Mais il n’échappera pas au promeneur que les lieux ont jadis connu une présence humaine autre que contemplative, ouvrière. Les vestiges fondus dans le décor en sont nombreux dans la montée, ces câbles tapis dans la végétation, ces rails qui s’arrêtent net au dessus du torrent coulant en contre-bas, ces poulies rouillées, des carcasses non identifiées. Puis au sommet, surplombant le lac de quelques mètres, des pans de murs témoignant d’anciennes constructions dépassant la simple cabane de berger et surtout, l’entrée d’une mine creusée dans la roche, et puis ce qui devait être une sieste paisible dans l’herbe se transforme en toutes suppositions sur l’exploitation minière de l’endroit.

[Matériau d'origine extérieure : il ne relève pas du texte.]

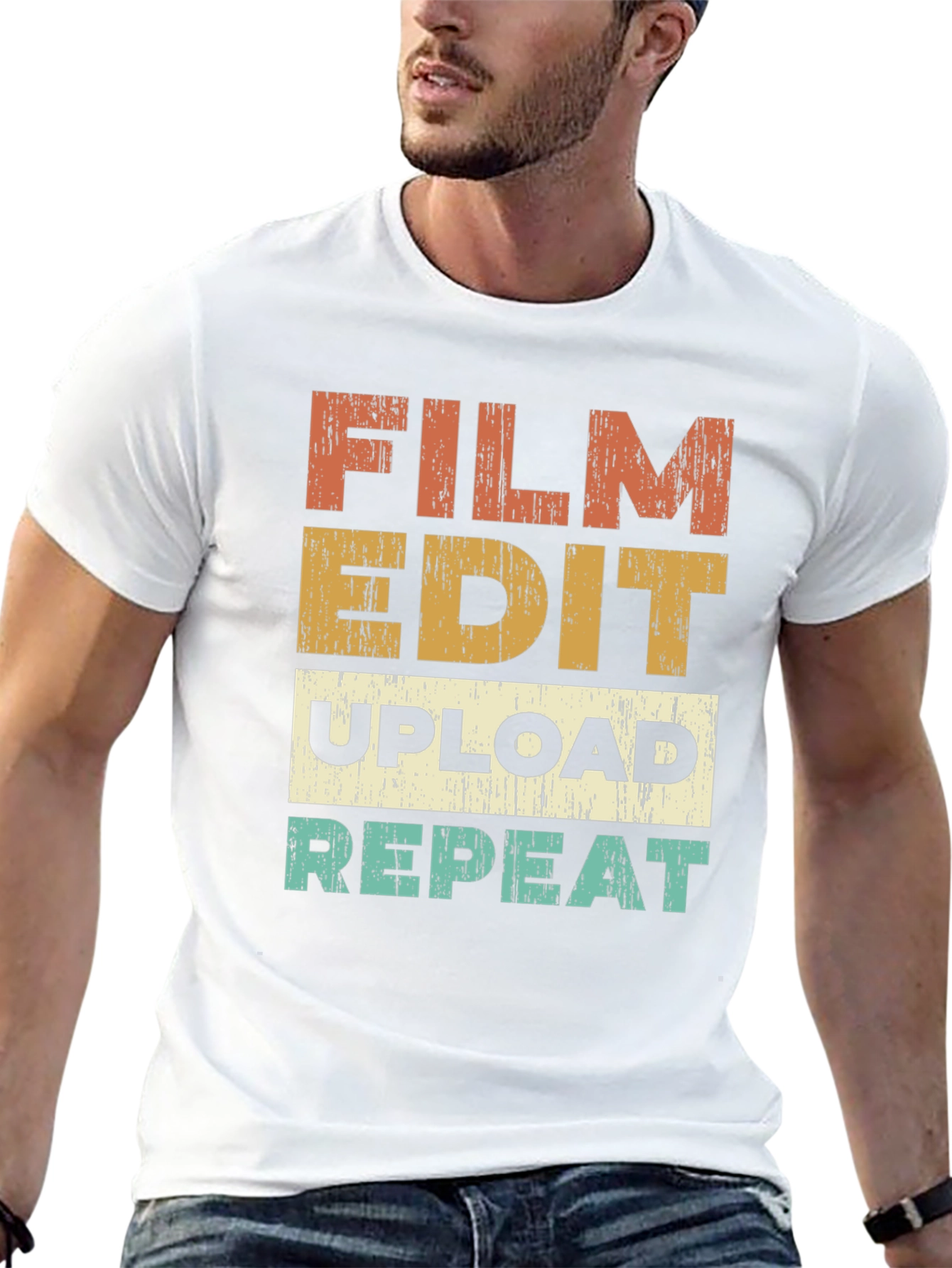 Film Edit Upload Repeat Graphic T-Shirt
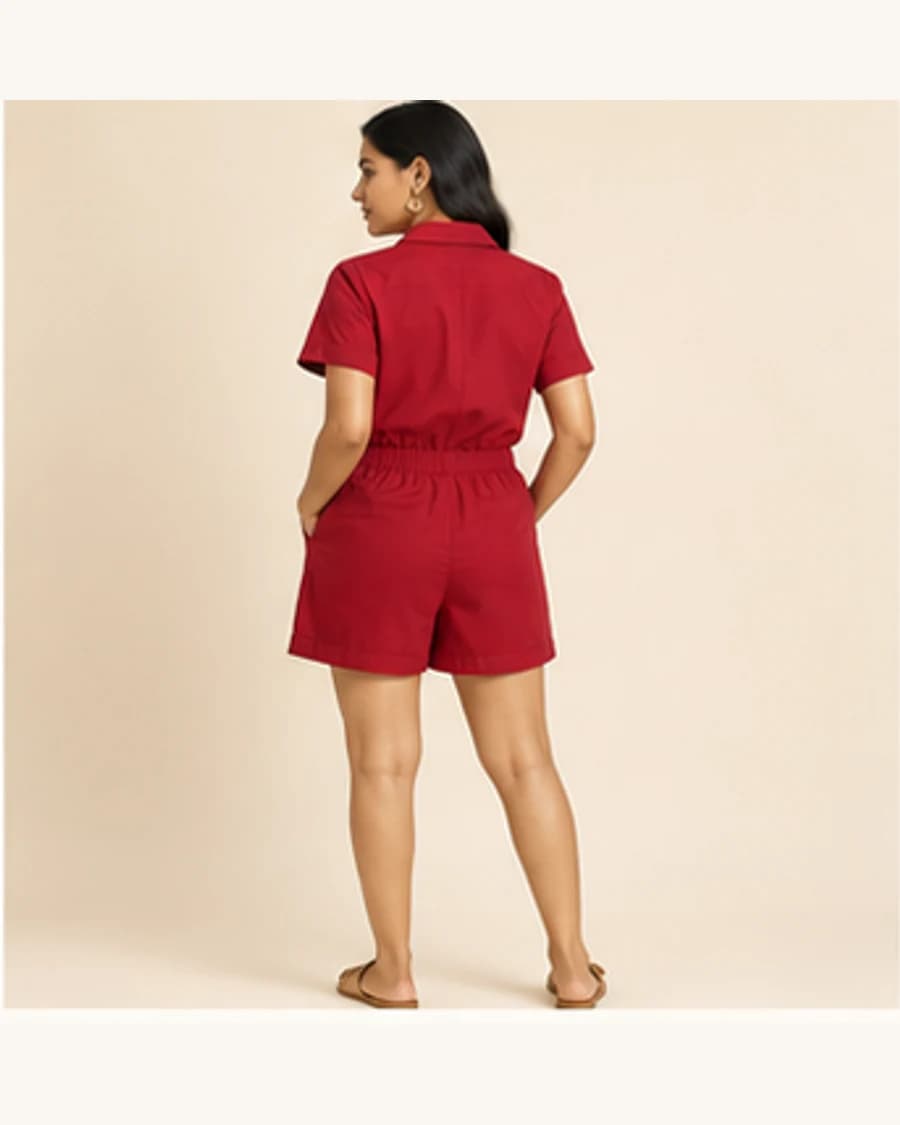 Moonlit Weekend Playsuit: three-quarter styling view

En fait, l’histoire fut brève. La société des mines d’Arre dont le siège était à Lyon commença à extraire du zinc d’Anglas en 1881 de mai à octobre, nous sommes à plus de 2000 mètres d’altitude. Les chariots plein descendaient dans la vallée et remontés vides par un système de câbles aériens, d’où les poulies. Le minerai était transformé à Gourette, convoyé à Laruns par charrettes puis à Bayonne par le rail, là où il était exporté. Le travail l’hiver fut testé dès 1882-83 mais vite oublié puisqu’une avalanche emporta 17 des 33 ouvriers présents. Après le drame, l’exploitation du site dura encore jusqu’en 1893, employait plus d’une certaine d’habitants de la vallée à sa courte apogée. Les installations couteuses ne furent jamais rentabilisées. Un fiasco !

Toujours est-il que depuis, toutes les nuits, les fantômes des mineurs ensevelis reviennent terroriser les bivouacs imprudents.